The ʿayin glyph in these various languages represents or used to represent a voiced pharyngeal fricative (/ʕ/) or a similarly articulated consonant, of which there is not even an approximate substitute sound in English. There are many possible transliterations.
To this day, ʿayin in Hebrew, Arabic, Amharic, and Maltese means "eye" and "spring" (ʿayno in Neo-Aramaic).
The sound represented by ayin is common to much of the Afroasiatic language family, such as in the Egyptian language, the Cushitic languages and the Semitic languages. Some scholars believe that the sound in Proto-Indo-European transcribed h3 was similar, but that is debatable. (See Laryngeal theory.)
ʿayin is usually transliterated into the Latin alphabet with ʿ, (U+02BF) "modifier letter left half ring" (in the Spacing Modifier Letters range), such as in the DIN 31635 romanization of Arabic. This symbol originated from Semitic romanization and the transliteration of Ancient Egyptian.

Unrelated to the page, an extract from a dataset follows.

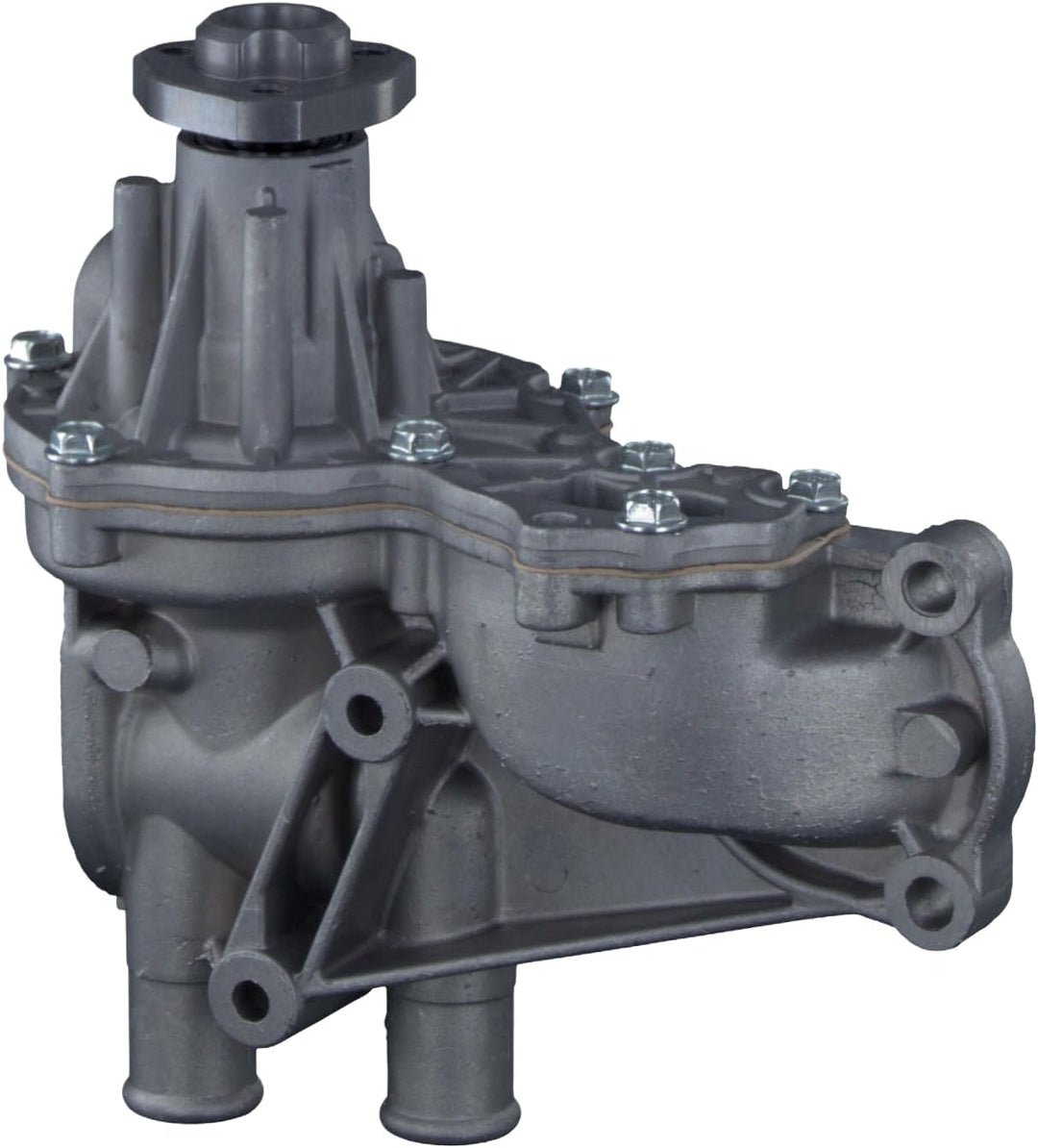 febi bilstein 01287 Wasserpumpe mit Dichtringen , 1 Stück Single, Single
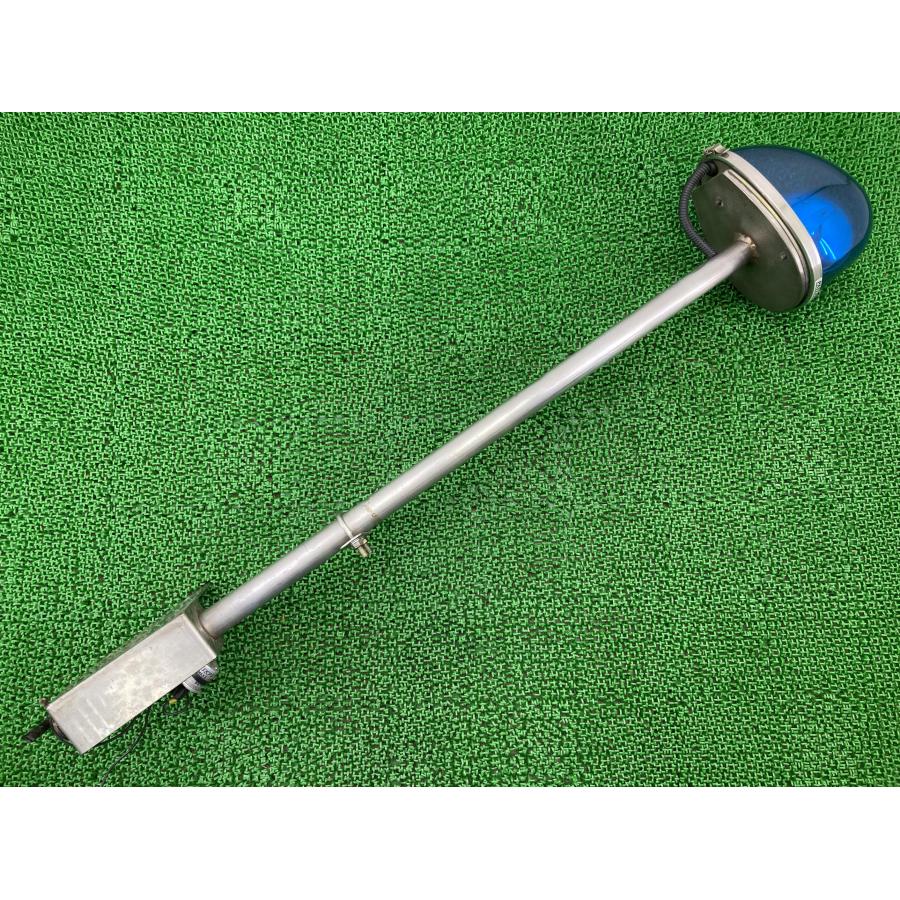 PATLITE製ハーレー パトライト 青 社外 中古 バイク 部品 SKFM-101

There, it was inspired by the Greek rough breathing mark.
As a substitute for the left half ring, other symbols resembling it are sometimes used, such as a superscript c (c), ʻ (U+02BB Modifier letter turned comma) as in ALA-LC romanization of Arabic, a single opening quotation mark (‘) (U+2018), the grave accent (`), ˁ (U+02C1 Modifier letter reversed glottal stop), or the IPA pharyngeal symbols [ʕ] (U+0295 Latin letter pharyngeal voiced fricative) and [ˤ] (U+02E4 Modifier letter small reversed glottal stop). However, such substitutions obviously may cause confusion, such as with the glottal stop consonant hamza.
In loanwords, ʿayin is commonly omitted altogether: Iraq العراق al-ʿIrāq, Oman عمان ʿUmān, Saudi Arabia العربية السعودية al-ʿArabiyyah as-Saʿūdiyyah, Arab or Arabic عربي, ʿArabī, Amman عمان ʿAmmān, etc.
Specifically for use in transliterating Ancient Egyptian, Ꜥ (U+A724 Latin capital letter Egyptologican Ain) and ꜥ (U+A725 Latin small letter Egyptologican Ain) were added to the Latin Extended-D range in Unicode version 5.1.
The informal way to represent it in Arabic chat alphabet uses the digit 3 as transliteration.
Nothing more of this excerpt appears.